Carroll Cooney

Profile
- Positions: Center, Guard

Personal information
- Born: April 1, 1887
- Died: August 15, 1947 (aged 60)

Career information
- College: Yale (1909)

Awards and highlights
- National champion (1909); Consensus All-American (1909);

= Carroll Cooney =

American athlete (1887–1947)

Carroll Trowbridge Cooney (April 1, 1887 – August 15, 1947) was an American football and squash player and a competitor in the hammer throw.

Cooney played college football at Yale University from 1907 to 1909 at the center and guard positions. He was selected as a consensus All-American at the center position in 1909. Cooney also participated in the hammer throw for Yale's track and field team. In April 1908, he exceeded the world record with a throw of 161 feet, but the throw did not qualify as a world record as it was not made in competition.
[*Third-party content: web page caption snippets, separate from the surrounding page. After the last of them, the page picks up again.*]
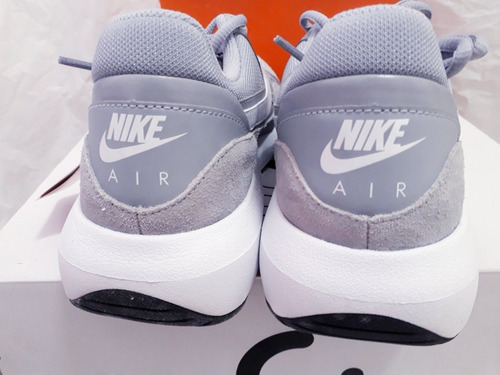 Nike Air Max Nostalgic Tamanho 40 (8.5 Us)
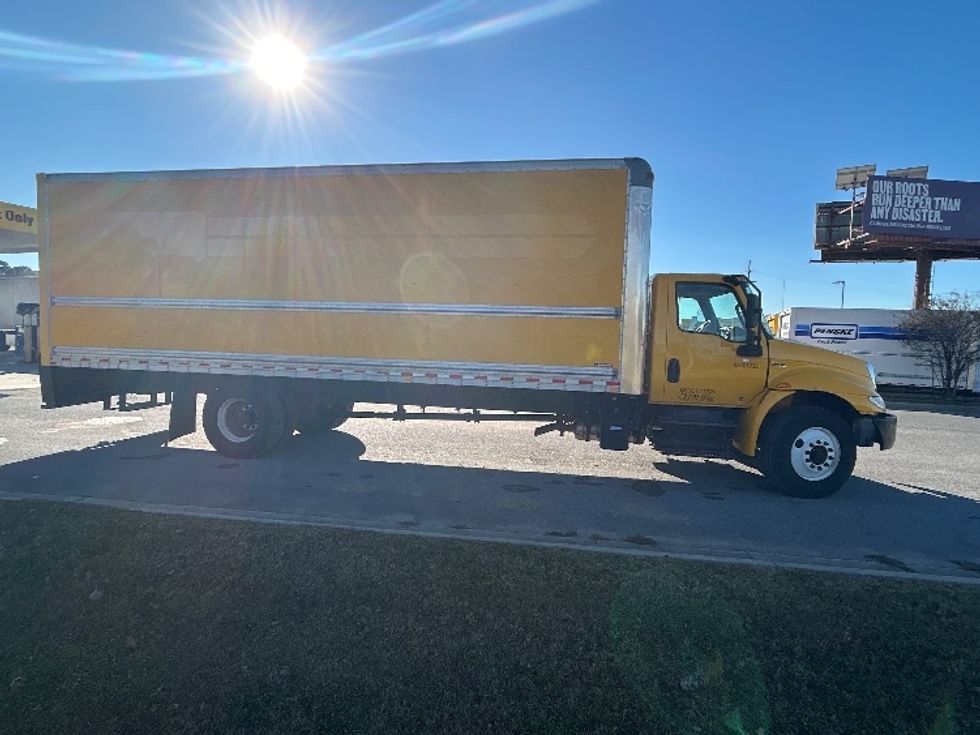 Medium Duty Box Truck-Light and Medium Duty Trucks-International-2021-MV607-Lafayette-LA-210,715\n\t\tmiles-$ 40,750 - Image 15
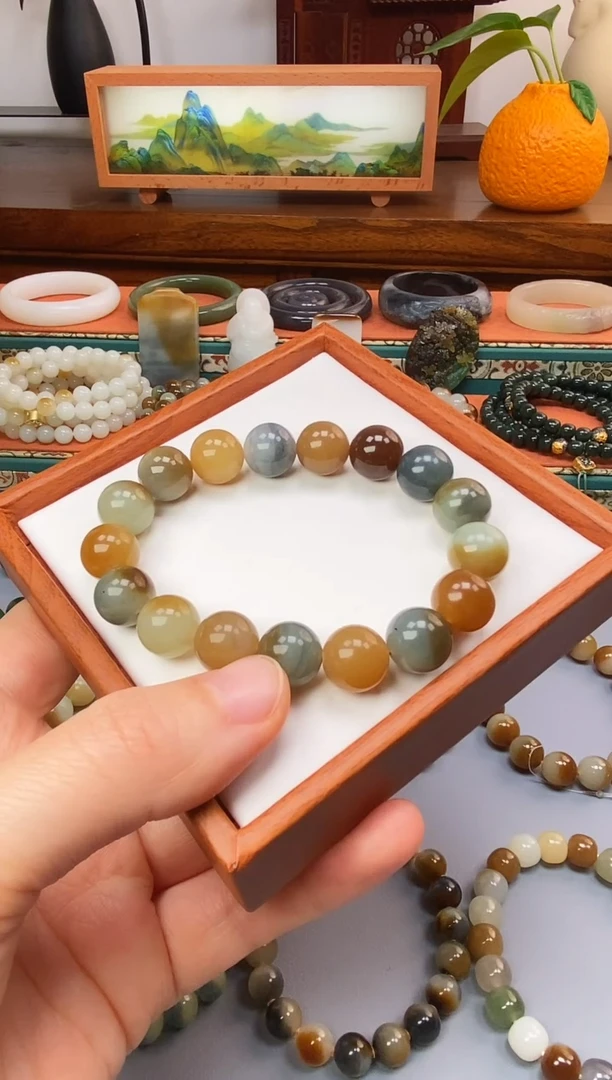 未镶嵌手串和田玉新疆楼兰三色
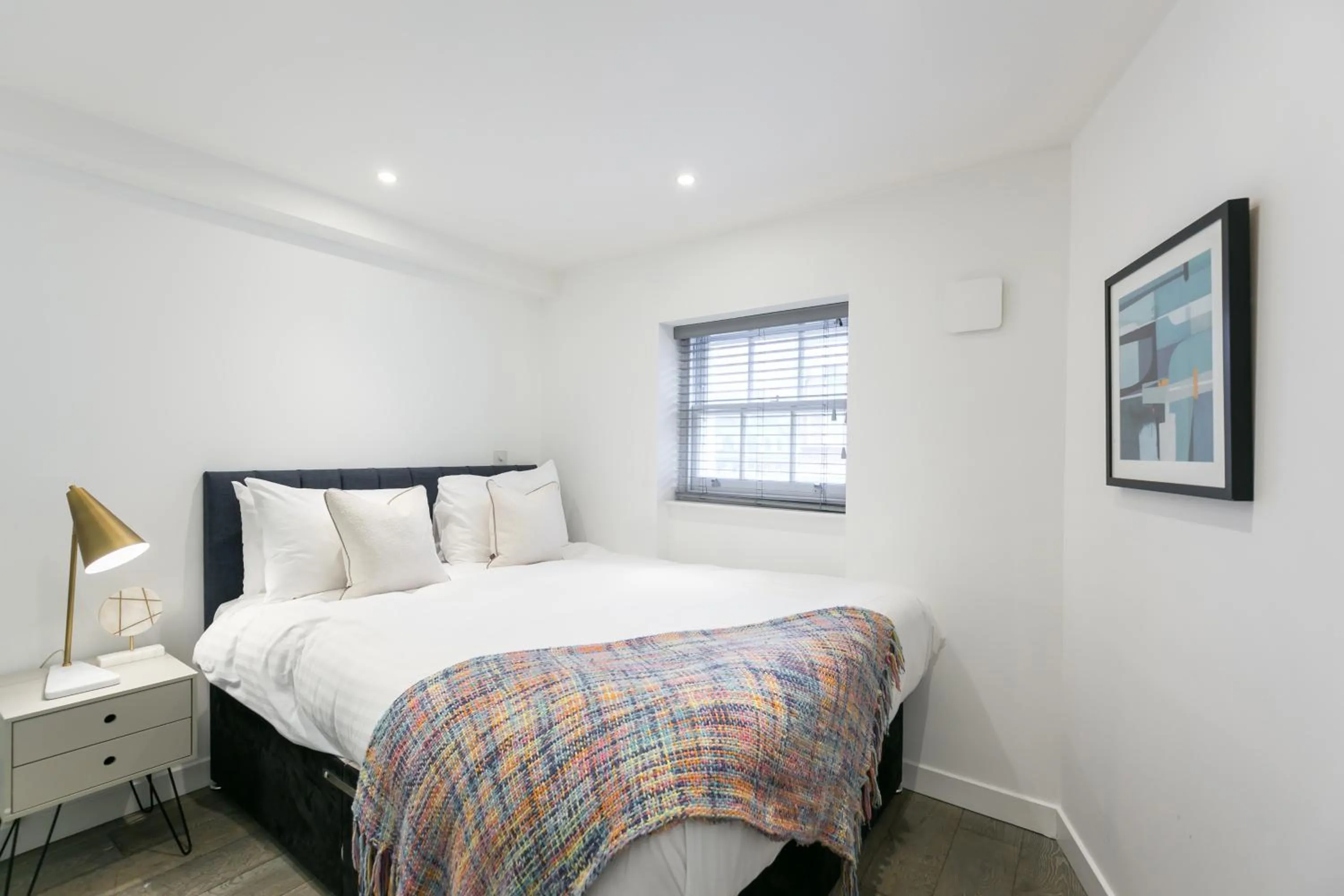 Bedroom, Bed in Urban Chic - Rathbone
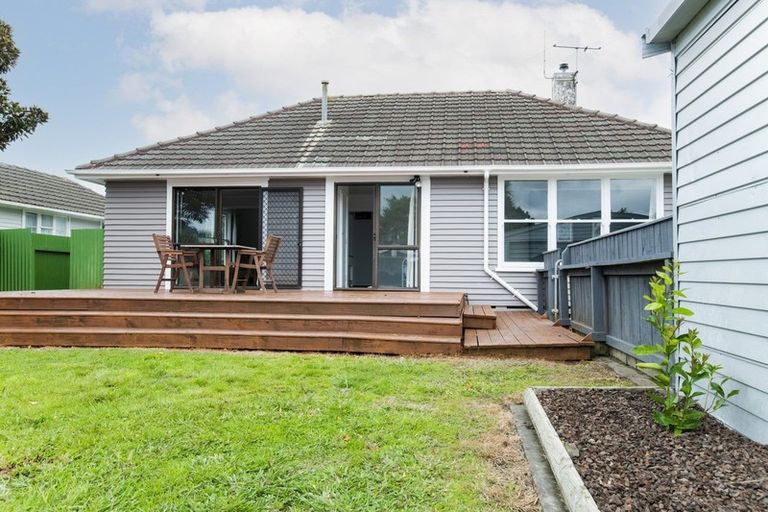 Photo of property in 15 Glasgow Crescent, Kaiti, Gisborne, 4010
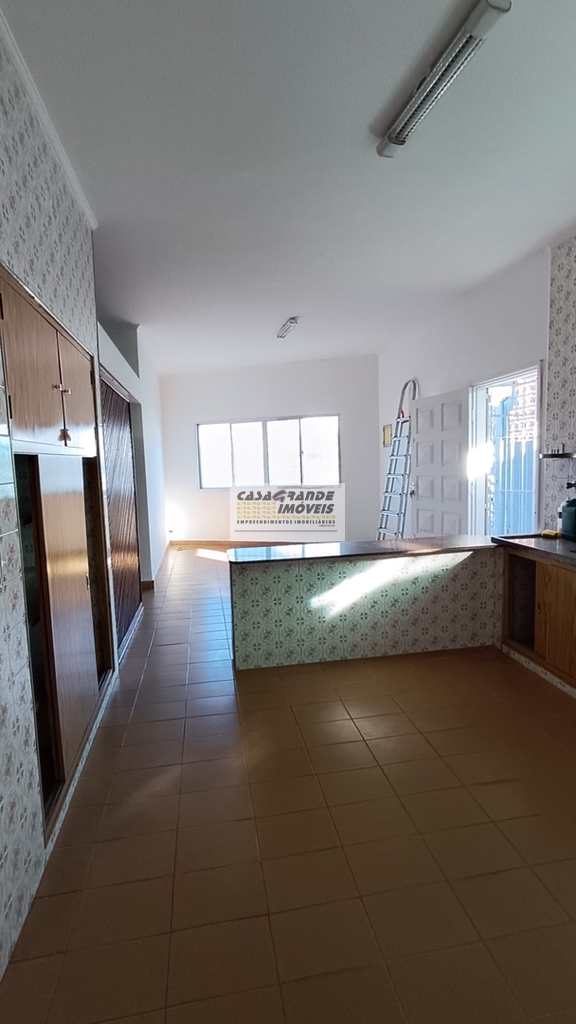 Casa em Praia Grande, no bairro Caiçara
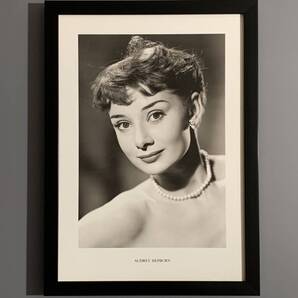 ■オードリー・ヘプバーン■「モノクログラビア #1」/A4額装品/イギリス人女優/ハリウッド黄金時代/貴重写真/印刷物/インテリア G3067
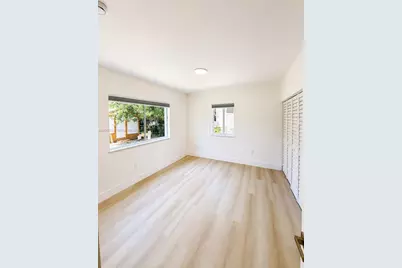 470 NE 130th St, North Miami, FL 33161 - Photo 9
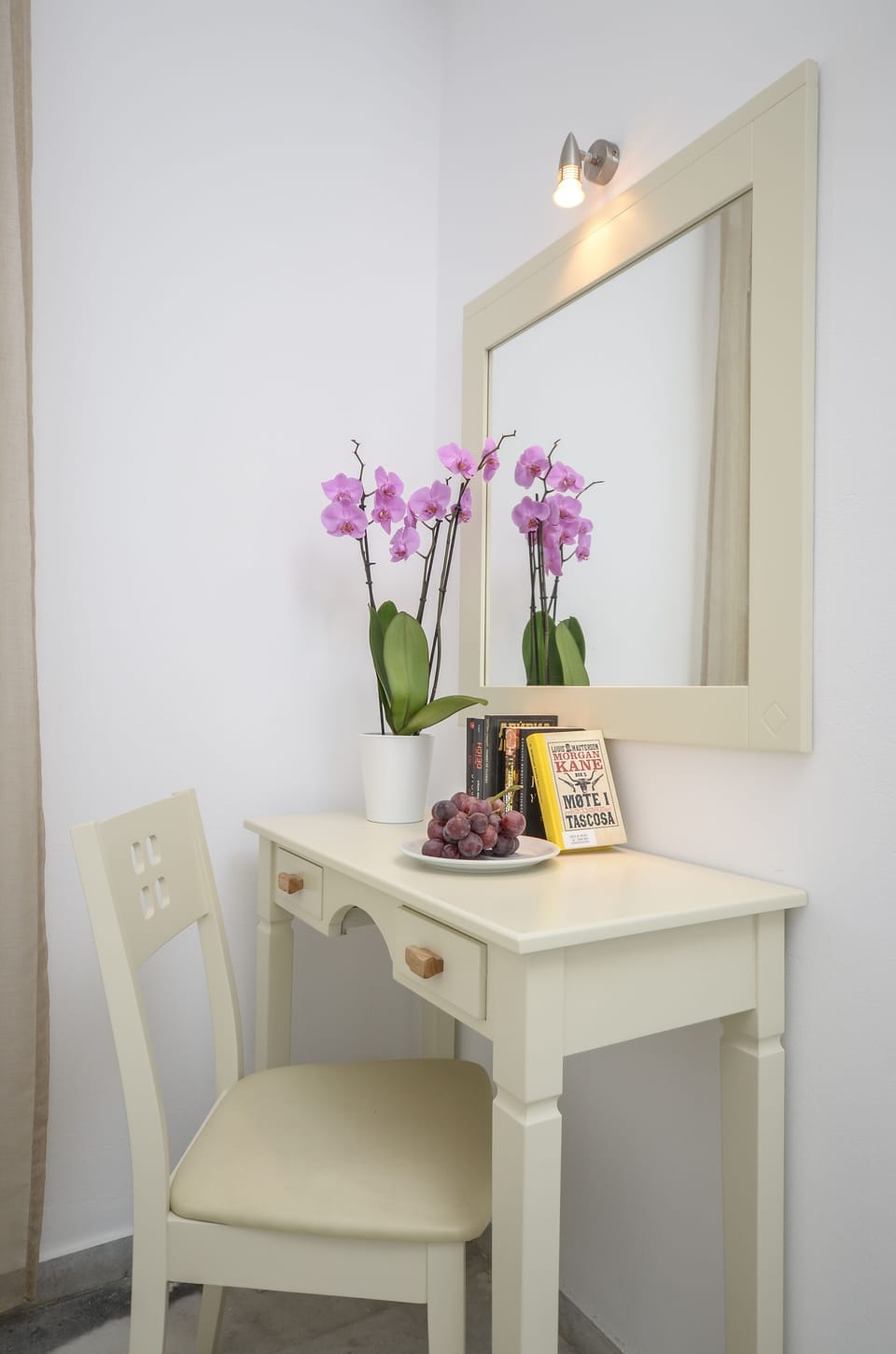 Double Room | Iron/ironing board, free WiFi, bed sheets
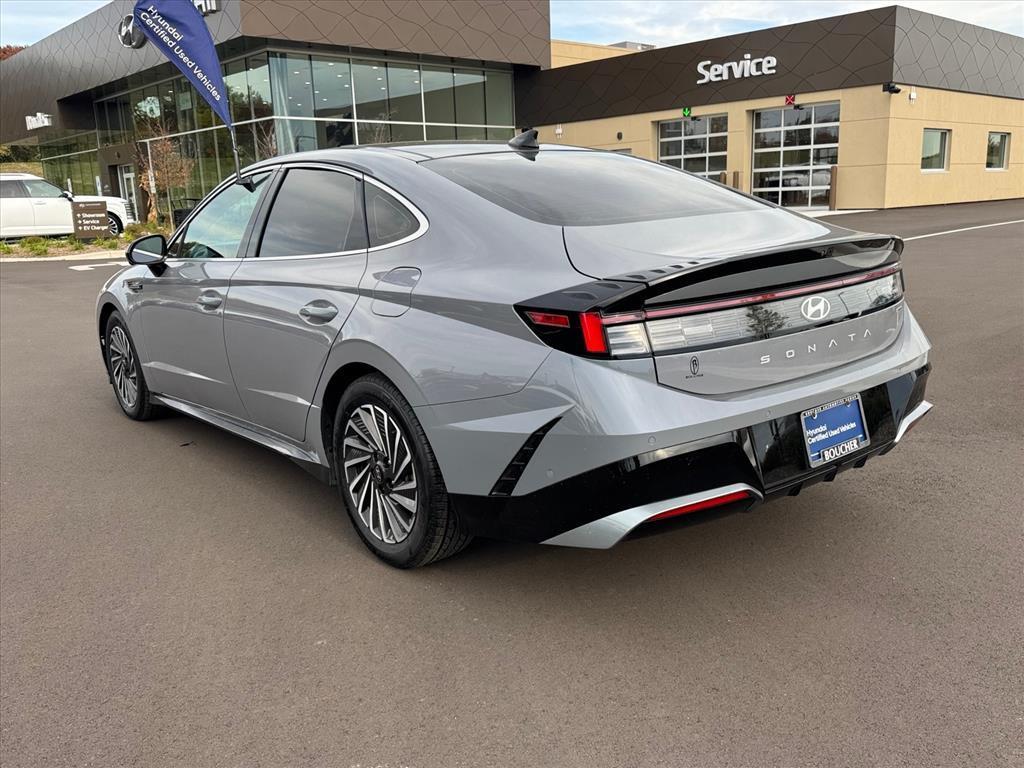used 2024 Hyundai Sonata Hybrid car, priced at $31,560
In the late 1910s and 1920s, Cooney became an accomplished squash player. In December 1917, he won the handicap squash tennis championship at the Yale Club of New York City. The New York Times reported that, despite Cooney's weight (275 pounds), he was "agile on his feet, covering court well, and hit with a force that was baffling to [his opponent]."

In the late 1920s, Cooney was the vice president of a New York lumber company (Cooney, Eckstein & Co., Inc.) while also running a professional dance orchestra at night, playing squash at the Yale Club and serving on its board of governors. The New York Times ran a story about Cooney's orchestra in 1927 in which Cooney noted that music had been his hobby all his life, playing the saxophone, mandolin, violin, and a few other instruments. He emphasized, however, that his band was not a jazz band: "We play rhythms but not jazz. That is, we save the melody."

In 1936, Cooney built the Waldo Theatre in Waldoboro, Maine.

Cooney died in 1947 at age 60. His son, Carroll T. Cooney Jr., was a writer of popular children's books and the president and chairman of the Vocaline Company in the 1950s and 1960s.